There are a rows in this dataframe with missing titles and there are a bunch of extra columns at the end of the dataframe. Clean up the dataset by deleting the extra columns and the rows where the title is missing.
After the changes in (1), how many rows have missing authors? Show the titles of the books with missing authors and then delete those from the data frame.
In the remaining dataset, the price column mostly consists of strings with a $ and then the price. But a few of the entries don’t have the $ and are already numbers.
- Delete any books with missing prices from the data set.
- Fix this column so every entry is a number and you can do arithmetic on it.
- Which books are missing a price? Show those books.
Hint: In python, you can determine if something is a string by using the isinstance
command. So isinstance(x,str)
is True
if x
is of type string, and False
otherwise. You can convert a string to a number using float
: float(x)
converts a string x to a number, assuming x is in a valid form to be a number.

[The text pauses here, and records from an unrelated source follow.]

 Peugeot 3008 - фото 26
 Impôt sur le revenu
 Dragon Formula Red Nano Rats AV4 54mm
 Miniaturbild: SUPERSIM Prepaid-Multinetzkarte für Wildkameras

Hint: in R, you can convert a string to a number using the as.numeric
function.
Of the remaining books, which ones are missing a rating?

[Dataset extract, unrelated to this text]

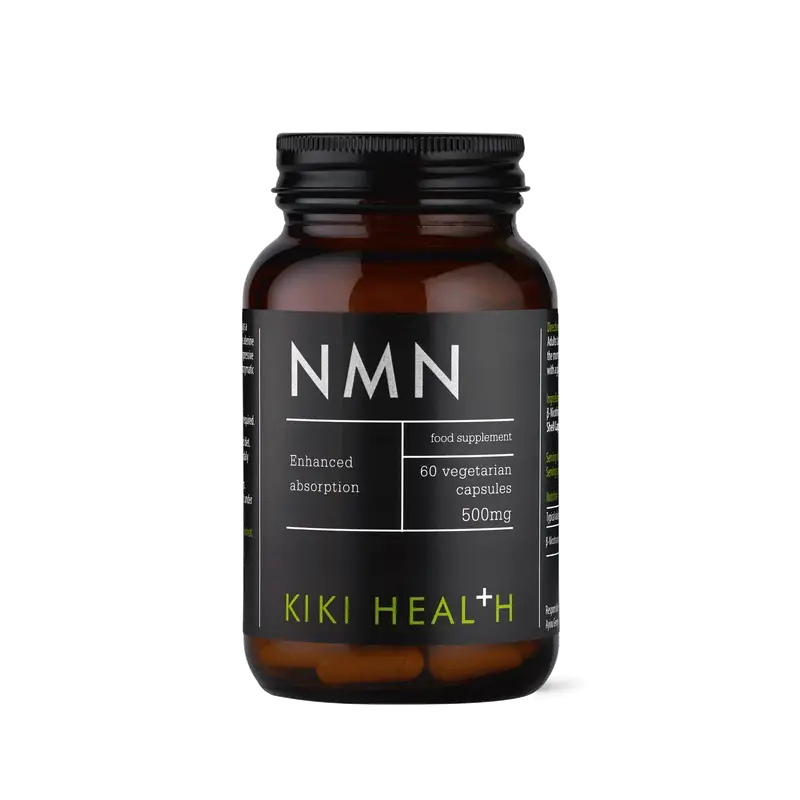 Kiki Health NMN 60's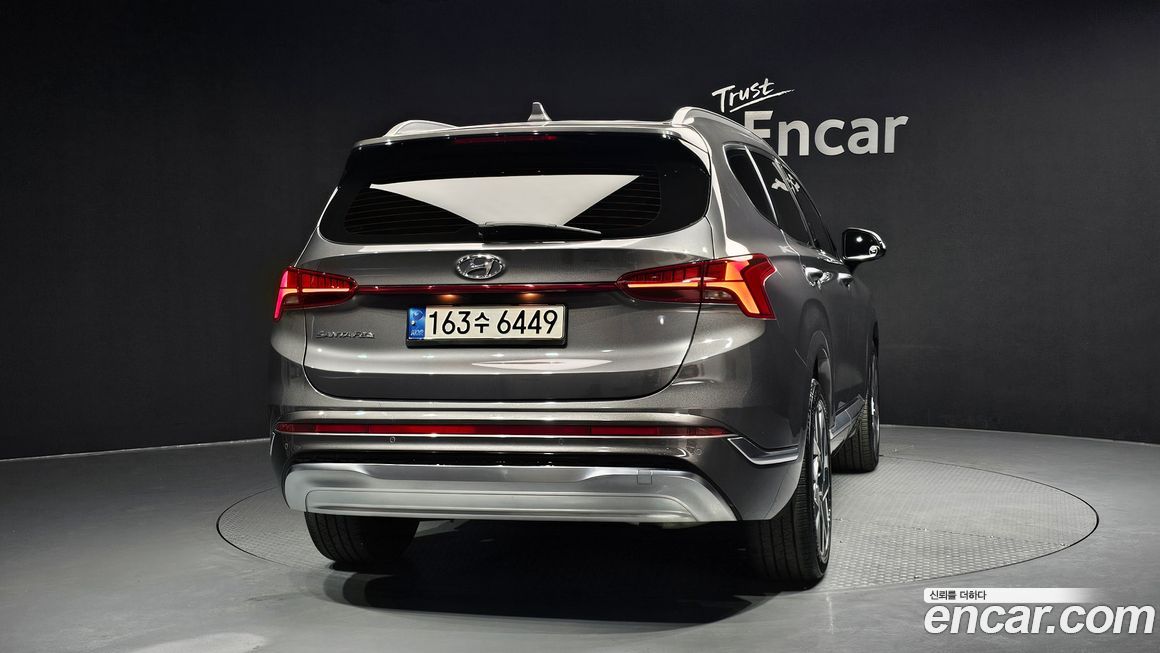 Hyundai Santafe 2021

- show the books that are missing a rating
- delete these books from the data set.
The ratings are entered as strings, and, for some reason, a few of the ratings are entered with a $. (So it says $4.40 instead of 4.4). How many of these are there? Fix this column so that all of the entries are numbers, and get rid of the $. Drop any rows where the rating is missing.
Make a new column ‘quality’ where the entry is “Excellent” if the rating is >=4.5, “Good” if it is between >=3.8 and <4.5, and “Fair” if it is <3.8.
Make a table with rows “Excellent”, “Good” and “Fair” and Columns “count” and “mean” where the entries are the number of books with each class of ratings and the mean value of the price of the books within each rating class.
Make a new column called “python” which has a one if the title of the book includes the word “Python” or “python” and a zero if it doesn’t.
Hint: In R, the function grepl
detects the presence of a substring. So grepl("Python",x)
is TRUE if Python is a substring of x, and false otherwise.
Hint: In python, you can use in
: "Python" in x
is true if “Python” is a substring.
- Make a pivot table with rows the rating classes, columns the yes/no values for Python, and entries the average price within each class.